A estas alturas ya damos por hecho que estamos ante Caronte, aunque él se empeñe en autodenominarse Señor Sin Nombre, el barquero que transportaba las almas de l@s muert@s en su barca a través del río Aqueronte hasta el Hades, el lugar del descanso eterno. Aunque no transportaba las almas por amor al arte, el pago de un óbolo, colocado previamente durante las exequias debajo de la lengua, era obligatorio para poder subir a la barca. De lo contrario, nos podíamos ver vagando por la orilla del río durante cien años, tiempo que estimaba el barquero necesario para poder cruzar el río sin pagar.

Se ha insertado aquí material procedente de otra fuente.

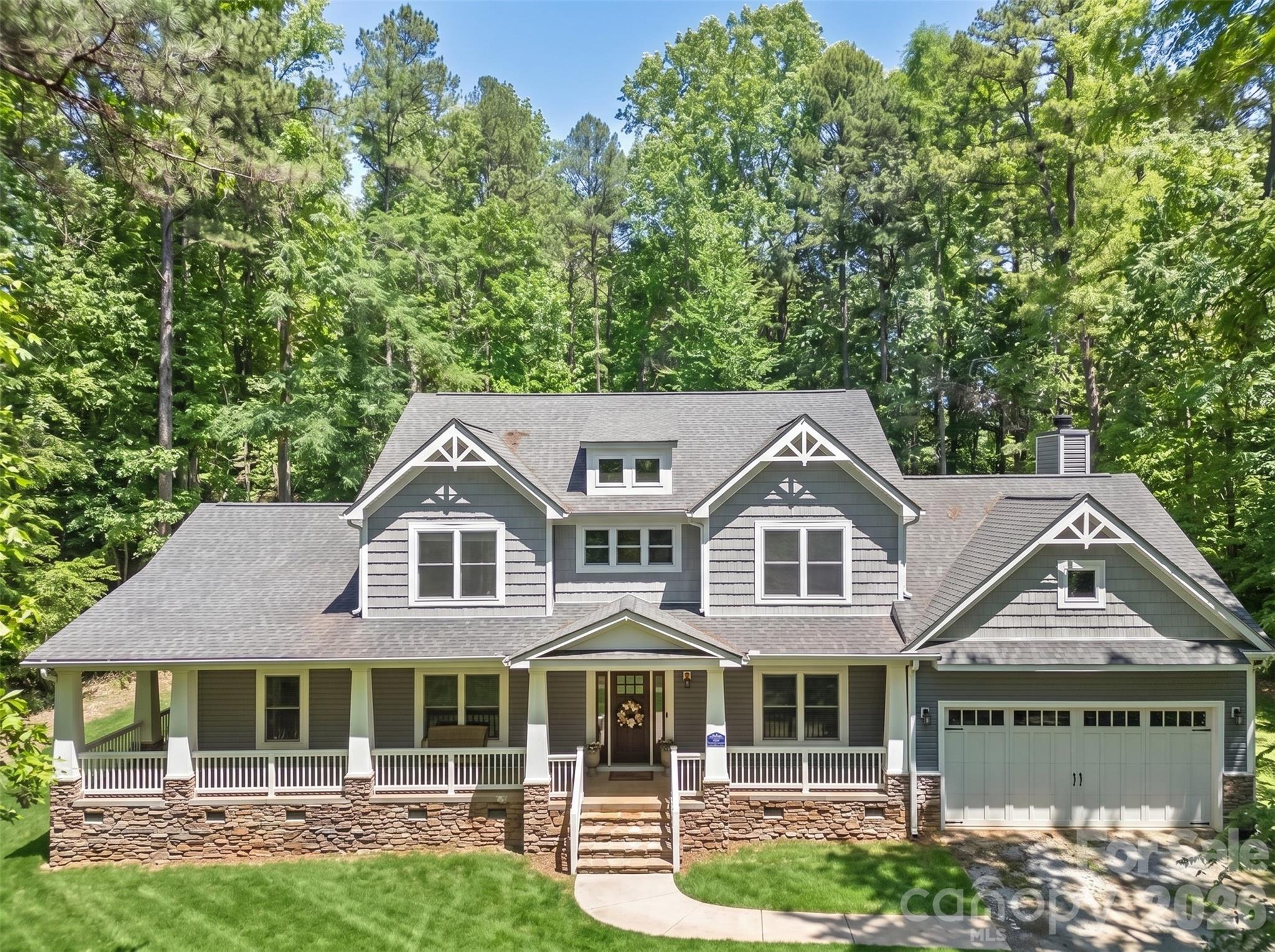 Welcome to 10200 Kerns Rd — a rare opportunity to own a custom-built estate on over 5 acres in Huntersville with no HOA. Built by Schumacher Homes in 2018, this property offers a unique combination of privacy, functionality, and upscale living with thoughtfully designed interior spaces and exceptional outdoor amenities.

A covered wraparound front porch extends across the front and side of the home, offering additional outdoor living space and a welcoming entrance to the property. Inside, the home features a spacious layout with a main-level primary suite with dual walk-in closets, a dedicated theater room, and an upstairs loft area complete with a wet bar, creating an ideal secondary living and entertaining space.

The gourmet kitchen is designed for both everyday living and entertaining, featuring custom cabinetry, premium finishes, a large island, built-in refrigerator, pot filler, Capital Connoisseurian professional-grade dual oven gas range, indoor grill, and Vent-A-Hood ventilation system. The open-concept layout flows seamlessly into the main living and dining areas, creating a comfortable and functional design throughout the home. New carpet installed in Summer 2025.

Outdoor features include a saltwater pool with a hot tub, three waterfall features, jumping ledge, and sun shelf lounging area with Sunbrella, along with a covered outdoor living area, outdoor shower, and half bath. A detached 30x40 workshop provides exceptional flexibility for storage, hobbies, recreational vehicles, workspace, or other flexible uses. The property also includes a pond and is surrounded by mature trees and expansive acreage, offering a private setting rarely found in Huntersville.

This property offers the space, flexibility, and amenities to accommodate a wide range of lifestyles while providing the privacy and setting that make estate-style living so desirable.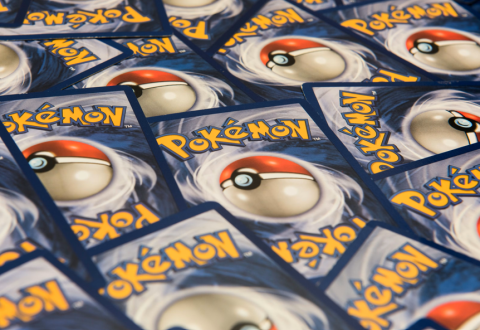 An image of Pokemon cards appears with only the backs of each card visible: this includes a blue border, the yellow Pokemon logo, and a red and white Poke-ball.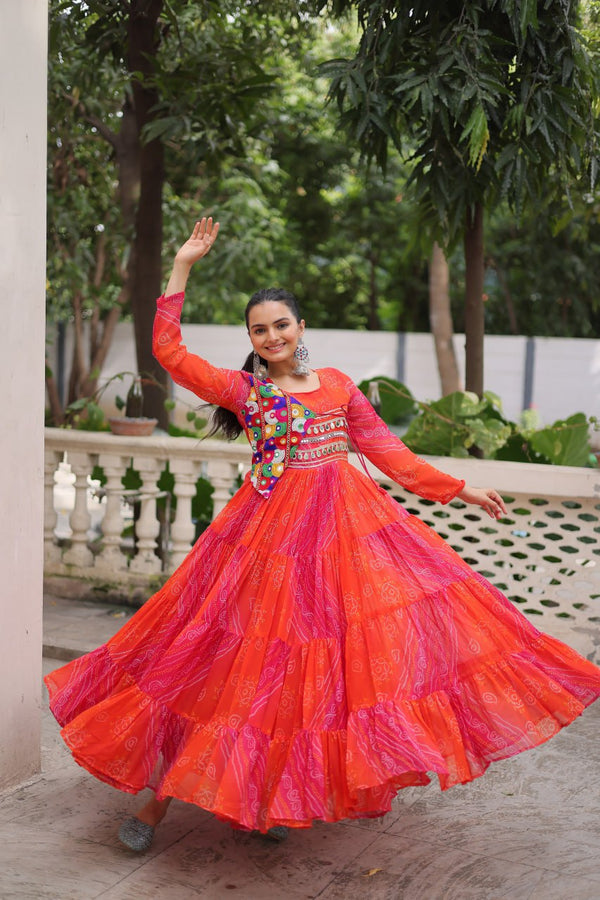 Orange Navratri Special Laheriya & Bandhej Printed Faux Georgette Gown with Kutchi Patchwork ClothsVilla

Pero no nos equivoquemos, Harold Zúñigan, no ha querido darnos una simple clase de cultura clásica, sino que aprovecha el mito para escurrirlo y sacarle unas cuantas gotas de existencialismo. ¿Valoramos realmente nuestra vida? ¿Dura demasiado o demasiado poco? ¿Aprovechamos el tiempo que se nos da o dejamos que pase ante nuestros ojos? Quizás la mayor parte del tiempo vemos la vida a través de una ventana, indiscreta o no, en lugar de salir fuera y disfrutarla. Quizás estamos demasiado cómod@s en nuestra butaca viendo la obra de teatro de nuestra vida en lugar de interpretarla y ser protagonistas.

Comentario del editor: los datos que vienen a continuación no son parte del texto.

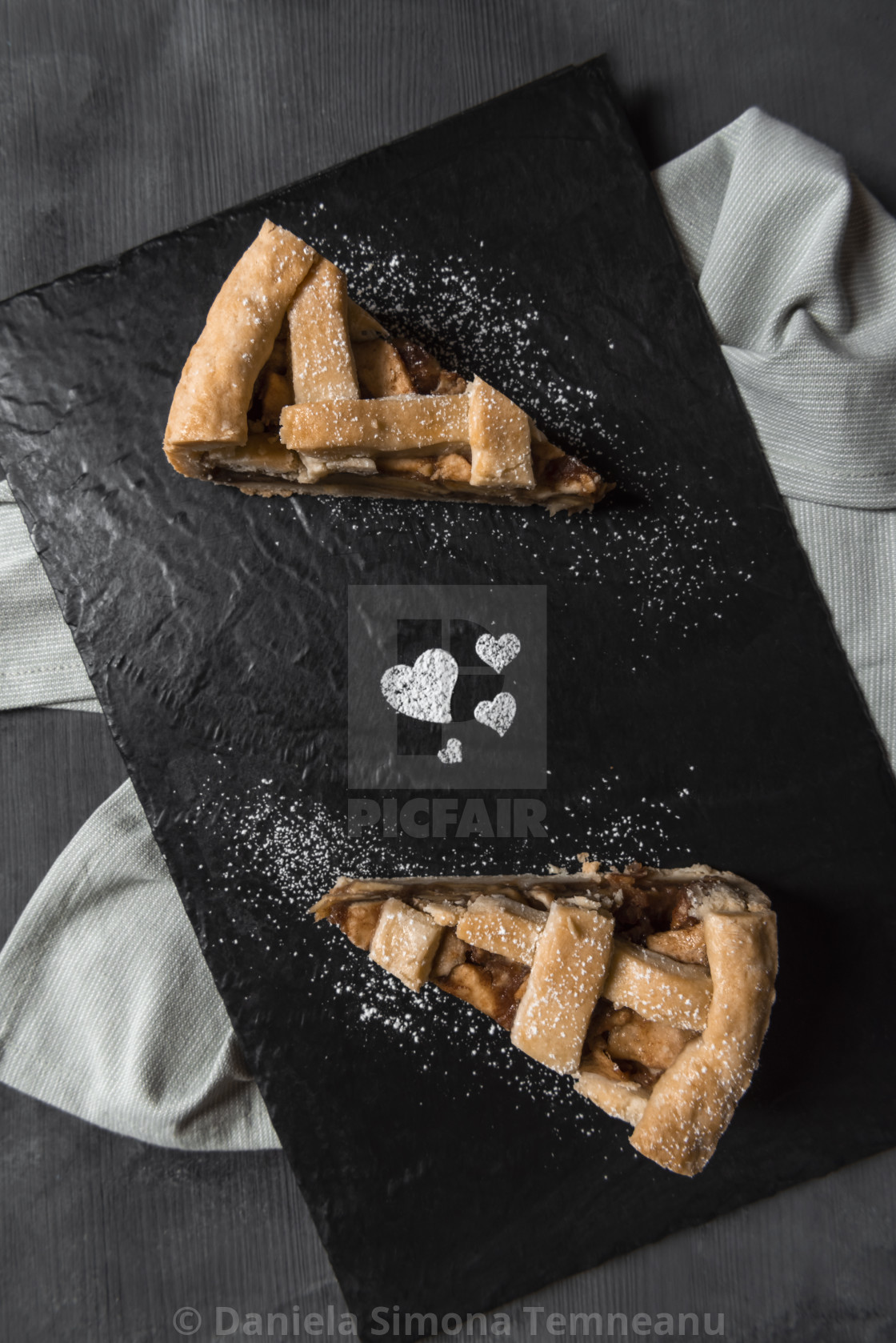 Apple Pie Slices On A Plate With Heart Shapes Decoration Above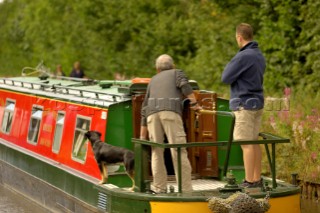 Two men with a dog on narrow boat,Llangollen canal,Bettisfield,Clwyd,Wales,August 2006.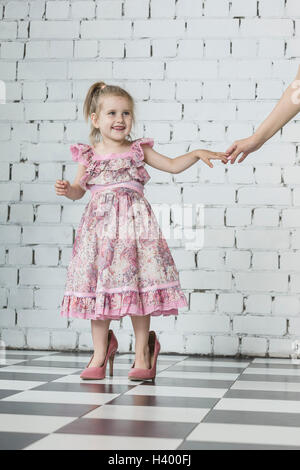 Happy girl in pink dress wearing oversized High heels standing at home Banque D'Images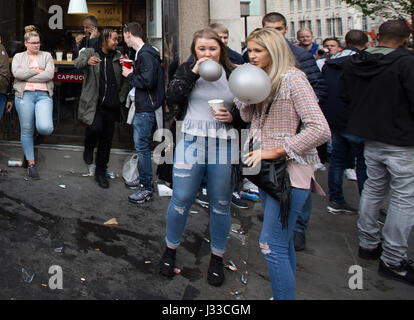 Young people on the streets of London taking legal highs, sniffing nitrous oxide inhaled in balloons, Tower Bridge, London, UK Stock Photo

La Comodidad, ese es el mantra que se repite durante toda la obra de forma mullida y aletargada. La Comodidad como actitud, La Comodidad como droga, La Comodidad como autocrítica que deberíamos hacer. Y resulta irónico que, precisamente, Caronte no está nada cómodo con la vida que tiene y por eso pretende abandonar sus obligaciones como barquero para vivir tranquilamente en el Hades. Pero no puede irse sin más, alguien tiene que ocupar su puesto y es aquí cuando tiene lugar la llegada repentina de dos personajes completamente desubicados, una hermana y un hermano que no reconocen el lugar en el que han aparecido por arte de magia. Un lugar más allá del tiempo y el espacio custodiado por un bufón manipulador y escurridizo que podría haber escapado perfectamente de la imaginación de Lewis Carroll.

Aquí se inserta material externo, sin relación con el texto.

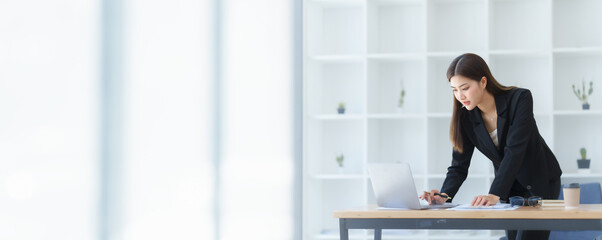 Attractive asia busy business woman consultant auditor working at modern office with balance sheet accounting bookkeeping documents. Account verification to prevent fraud bribery.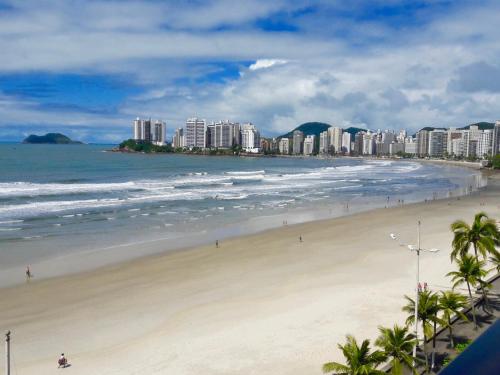 a view of a beach with buildings and the ocean at Tombo Beach in Guarujá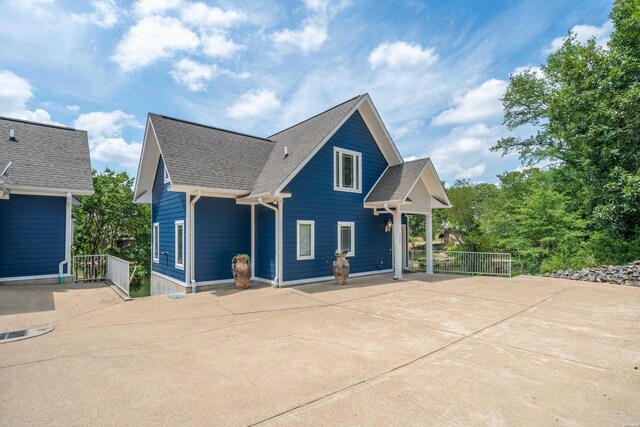 view of front of home featuring fence and roof with shingles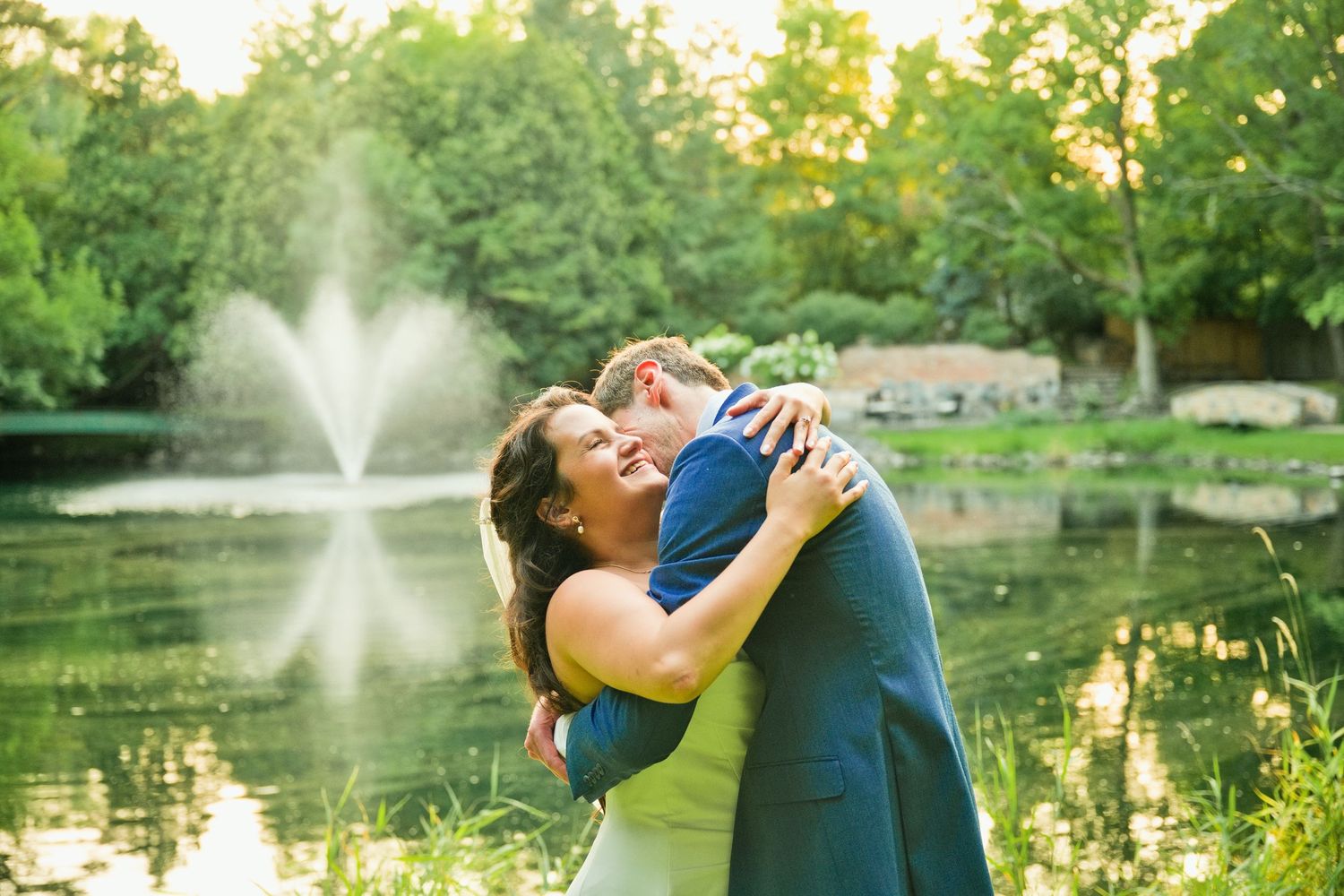 Couple embracing joyfully by a serene pond with a fountain and lush green trees in the background.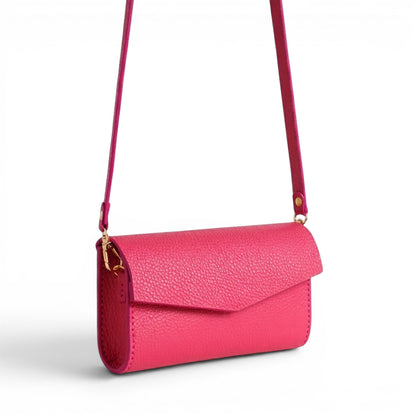 Coral leather clutch bag with crossbody strap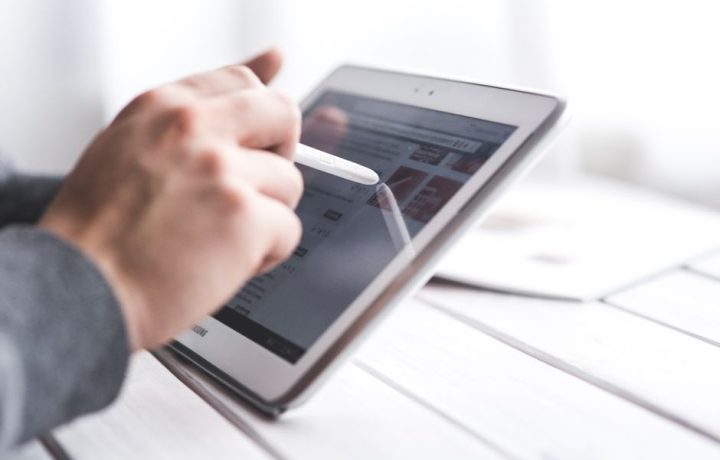 Close-up of a hand using a stylus on a tablet, showcasing digital technology interaction.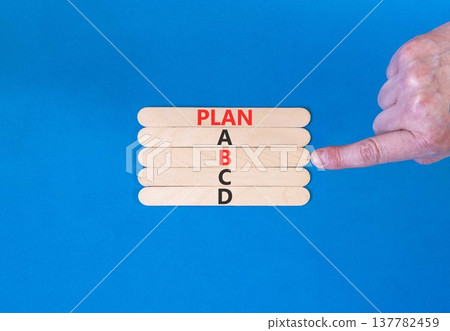 Time to plan B symbol. Concept word Plan A B C D on beautiful wooden sticks. Businessman's hand. Beautiful blue background. Business planning and time to plan B concept. Copy space. 137782459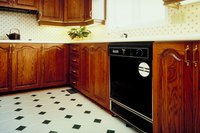 Properly prepared linoleum flooring can support new self-stick tiles.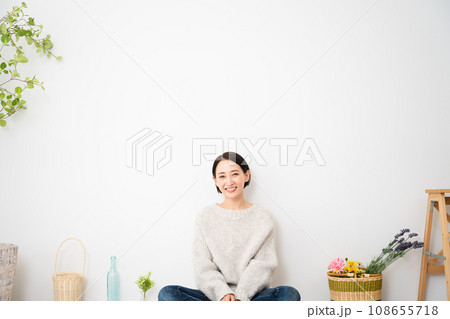 壁にもたれかかって座る若い女性　ライフスタイルイメージ 108655718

Un personaje capaz de detener la acción a su antojo o de romper la cuarta pared para convertirse en un espectador más mientras vemos por qué la muerte se cruzó en el camino de l@s recién llegad@s. Y es que es así como ocurre, la figura de la guadaña no pide permiso. Pensamos que todo está en orden, que vivir es respirar y poco más, y al segundo siguiente la obra ha terminado. Pero no nos desanimemos porque, quién sabe, puede que cuando se cierre el telón siga habiendo vida entre bambalinas. De todas formas, hasta que llegue ese momento, voy a levantarme de esta butaca comodísima para dejar de ser espectador. Eso sí, con un óbolo a mano por lo que pueda pasar.